YOUR TASK: Would you transcribe exactly the lines from the one containing "Mój przyjaciel pies - fotozabawa" to the last line of the data below, both ends included, but none of the pictures?

INFORMATION SUPPLIED:
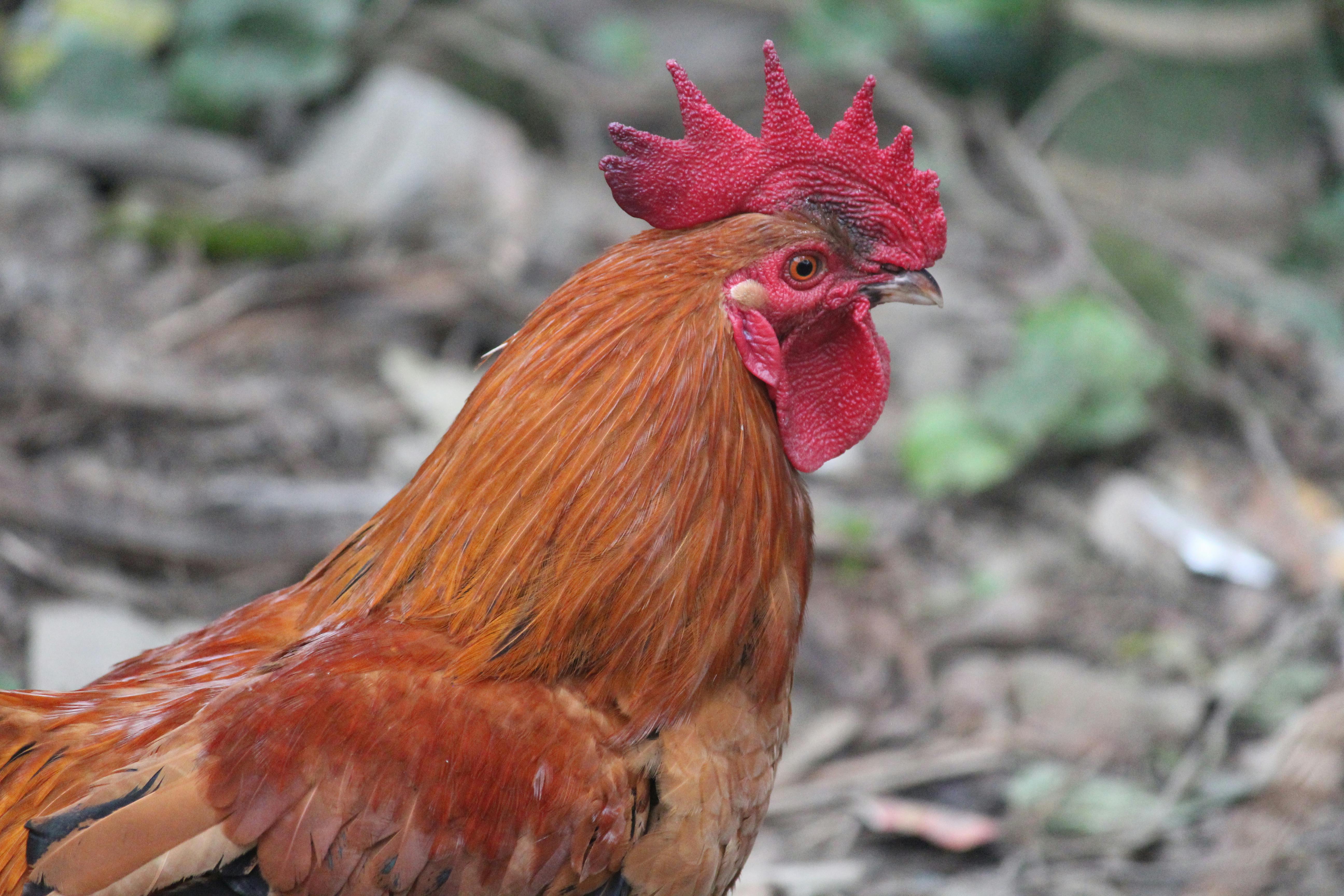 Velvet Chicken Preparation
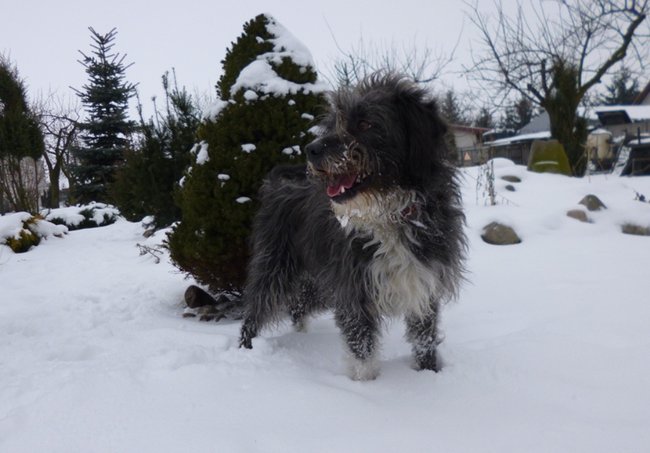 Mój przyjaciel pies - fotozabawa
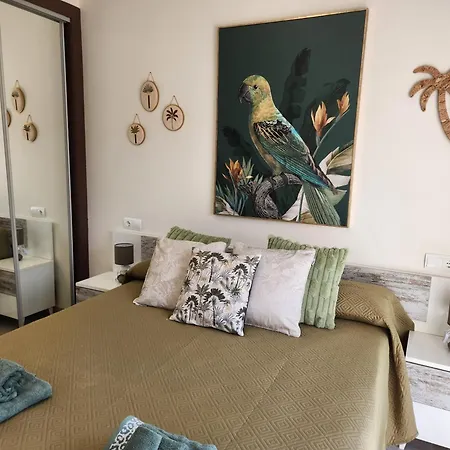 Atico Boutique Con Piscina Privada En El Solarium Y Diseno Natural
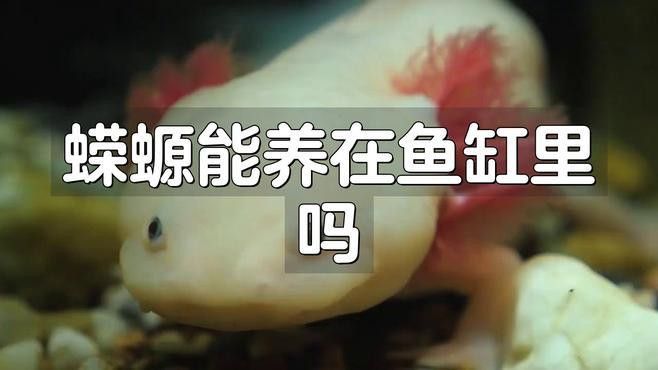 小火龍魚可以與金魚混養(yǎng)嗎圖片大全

SOLVED EXERCISE:
 Mój przyjaciel pies - fotozabawa
 Atico Boutique Con Piscina Privada En El Solarium Y Diseno Natural
 小火龍魚可以與金魚混養(yǎng)嗎圖片大全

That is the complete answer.